The first race of F1's 2013 European swing produced a mix of intrigue and frustration as tyres once again came to the fore but, amongst the confusion, several drivers stood out as the stars of the piece.
Fernando Alonso defied history and the stat man to claim victory from the third row - a feat almost unheard of at a circuit where 20 of the 22 races before this one had been won from the front row. The Spaniard, carried by the emotion of racing in front of his home crowd, might have stopped four times for tyres, but made the ploy work to take his second win of the year.
The only real threat came from Lotus and Kimi Raikkonen who, true to form, made one fewer stop than the majority of the field. The Finn, who started on the second row, was among those surprised by Alonso's flying start, but emerged ahead of Red Bull and Mercedes to lead the fight.

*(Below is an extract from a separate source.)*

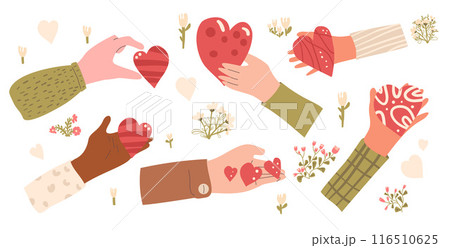 Set of hands with hearts shape. Palms with charity and kindness symbols kit. Vector hand drawn flat collection illustration isolated on white background. Set of hands with hearts shape. Palms with charity and kindness symbols kit. Vector hand drawn flat collection illustration isolated on white background. 116510625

Felipe Massa made it two Ferraris in the top three, overcoming a blocking penalty that dropped him to row five despite having lapped within a hundredth of his team-mate in qualifying. Making his tyres work for him, the Brazilian was a comfortable third at the chequered flag.
Red Bull started the race as favourite for victory, despite Sebastian Vettel starting on row two and Mark Webber from seventh, but the RB9 could not make its apparent superiority work to its advantage and the pair had to settle for fourth and fifth.
Polewinner Nico Rosberg suffered in a similar way as he had after claiming top spot in qualifying in Bahrain, the Mercedes seemingly harder on its tyres than its rivals. Bizarrely, however, the German made only three stops, being rewarded with sixth spot while team-mate - and fellow front row starter - Lewis Hamilton sank like a stone.
Rosberg came under late-race pressure from Paul di Resta, as the Scot once again threatened to make Force India the best Mercedes-powered team on the day. In the end, little over a tenth split the Scot from his prey, but seventh was another good effort considering that he started from tenth.
Equally impressive, but still disappointing given where his team should be, was Jenson Button's run to eighth. The Briton had missed the cut for Q3 and had to start 14th overall, but nursed his tyres to ensure that he added a few more points to his tally - even though there was the suggestion that McLaren had called off another potential scrap with team-mate Sergio Perez.
The Mexican came home ninth, ahead of a feisty Daniel Ricciardo, who made repeated passing moves despite only improving one place over his grid slot. A point, however, was welcome reward for Toro Rosso's development efforts ahead of the European swing.